Definition: Let $L:C\to D$ be a functor, and let $R:D\to C$ be another functor. Then $L$ and $R$ are adjoint functors if for $X\in$ Obj$(C)$ and $Y\in$ Ob$(D)$, we have $Mor_C(X,RY)\simeq Mor_D(LX,Y)$.

Maclane has famously stated in his seminal book that “adjoint functors arise everywhere”. However, what is the utility of such functors?

1. Solutions to Optimization Problems: Suppose you have an rng (which is a ring without the identity element), and you want to “adjoin” the minimal number of elements to the rng such that it becomes a ring. Explicitly, you want to adjoint $1$ to the rng, along with the elements $r\pm 1$ for all $r\in rng$. How can you solve this problem? For any fixed ring $R$, consider the category $E$ in which the objects are morphisms of the form $R\to S_j$, where $S_j$ are unital rings. A morphism between the objects $R\to S_i$ and $R\to S_j$ is a morphism between $S_i$ and $S_j$. Then the final object in this category is $R$ adjoined with the unity. This is the smallest ring which contains $R$. Hence, this is the most efficient solution to our problem.
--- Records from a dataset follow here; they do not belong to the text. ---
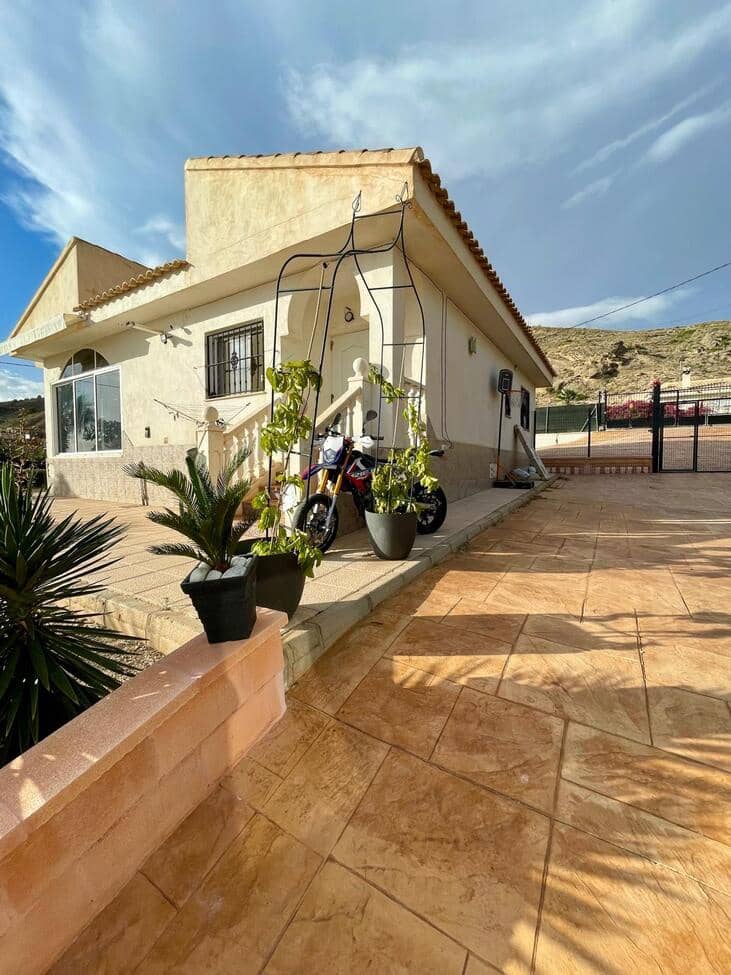 4 soveværelse Villa til salg i Fortuna med swimmingpool - € 249.000 (Ref: 9827425)
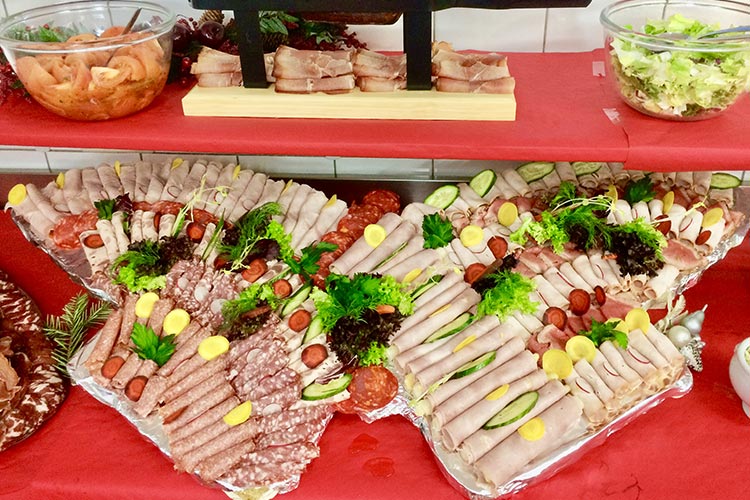 Des plateaux de charcuterie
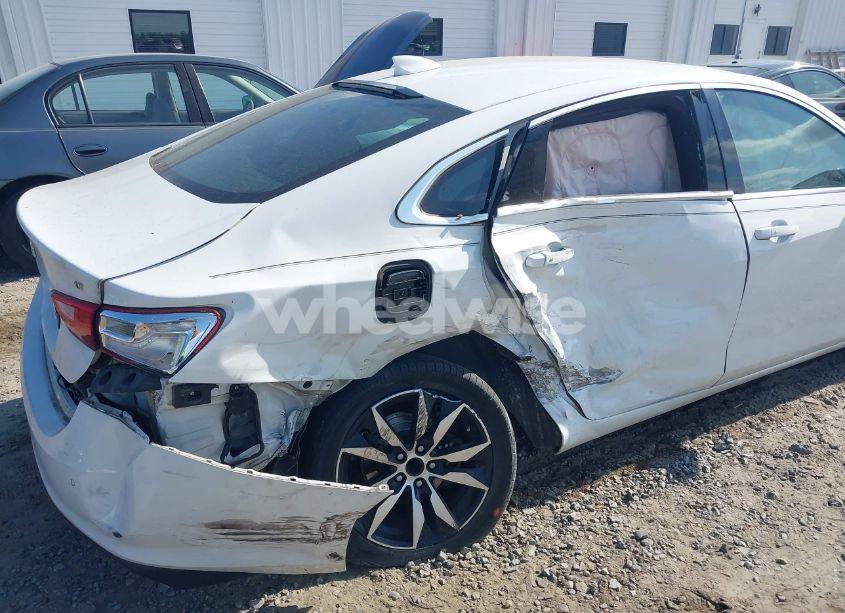 Photo 6 of 2018 Chevrolet Malibu LT (VIN 1G1ZD5ST8JF278944)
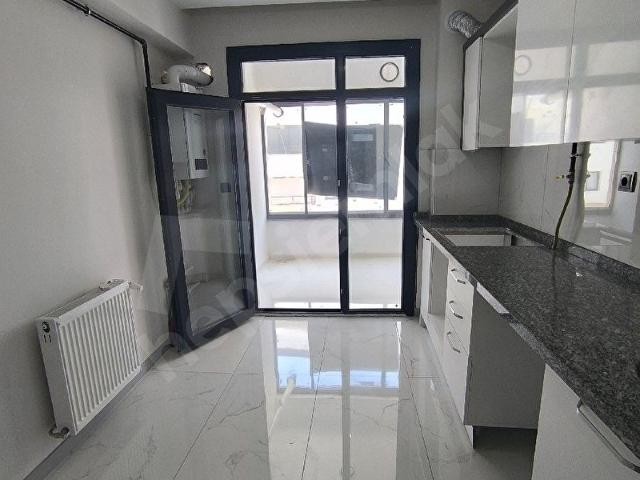 Talas'ta ebeveyn banyolu temiz sıfır 2.5+1 kiralık daire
When we have a functor $L$, we ask ourselves what is the problem $R$ to which $L$ is the most efficient solution. Then $L$ is the left adjoint of $R$.
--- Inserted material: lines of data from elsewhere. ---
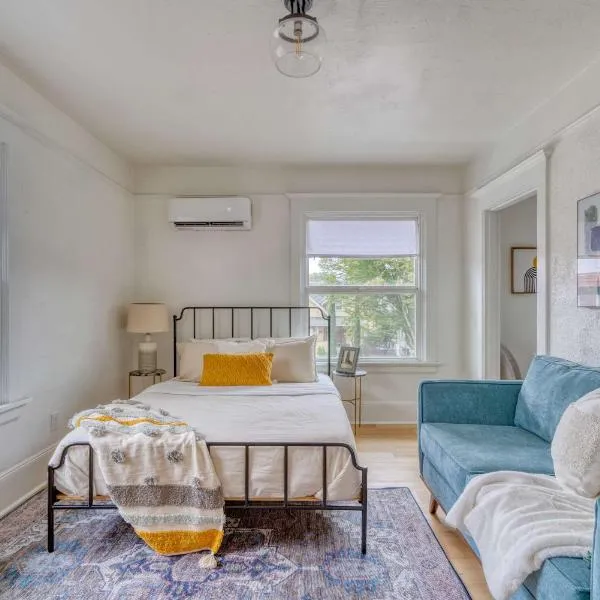 Stay Portland - The Bohemian Bungalow on Broadway - 94 WalkScore，位于波特兰的酒店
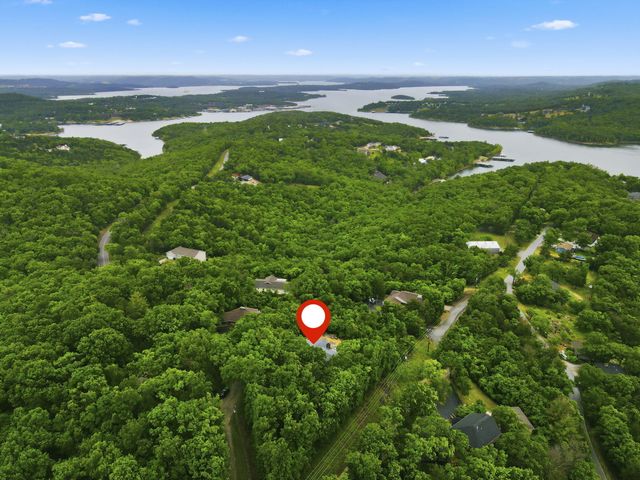 46 Acoma Drive, Branson West, MO 65737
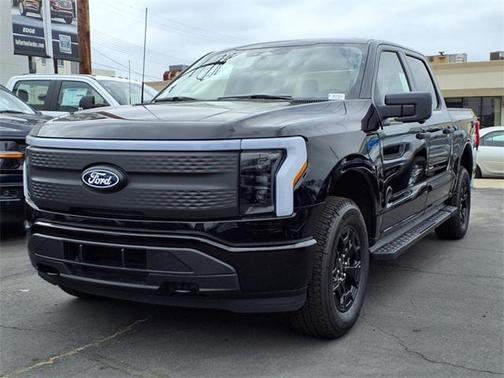 2025 Ford F-150 Lightning XLT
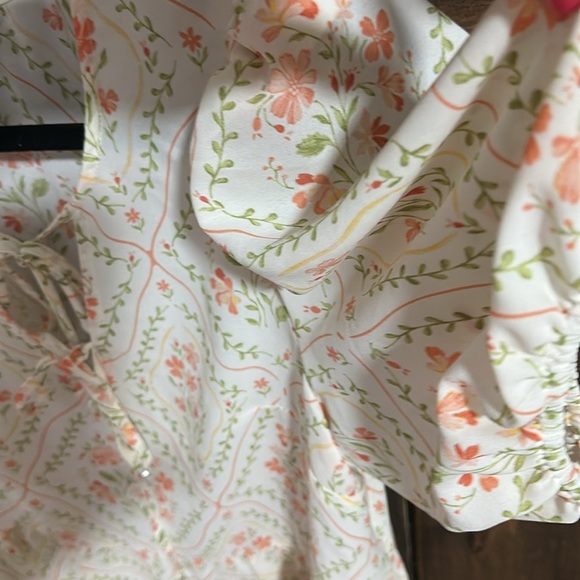 Floral Puff Sleeve Top - Cream and Orange - Picture 3 of 5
We have different formulations for adjoint functor. The unit-counit formulation says that $1_c=R\circ L$ and $1_D=L\circ R$.

In terms of Hom isomorphism: An adjunction $L\vdash R$ is a natural isomorphism between functors $C^{op}\times D\to Set$. What does this mean? We study the isomorphisms between functors from $C^{op}\times D$ to $Set$. This natural isomorphism is given by $Hom_C(X,RY)\simeq Hom_D(LX,Y)$. How is this a natural transformation between functors from $C^{op}\times D$ to $Set$? So we take a tuple $(X,Y)\in C\times D$, the make the following two functors act on it: $(X,Y)\to Hom(LX,Y)$ and $(X,Y)\to Hom(X,RY)$. Then the natural isomorphism is the isomorphism between these two functors. But why $C^{op}$? Why not just $C$? If one draws the commutative diagram, one will soon figure out that reversing the arrows in $C$ is a simple way of mapping $Hom(RX,Y)$ to $Hom(X,LY)$.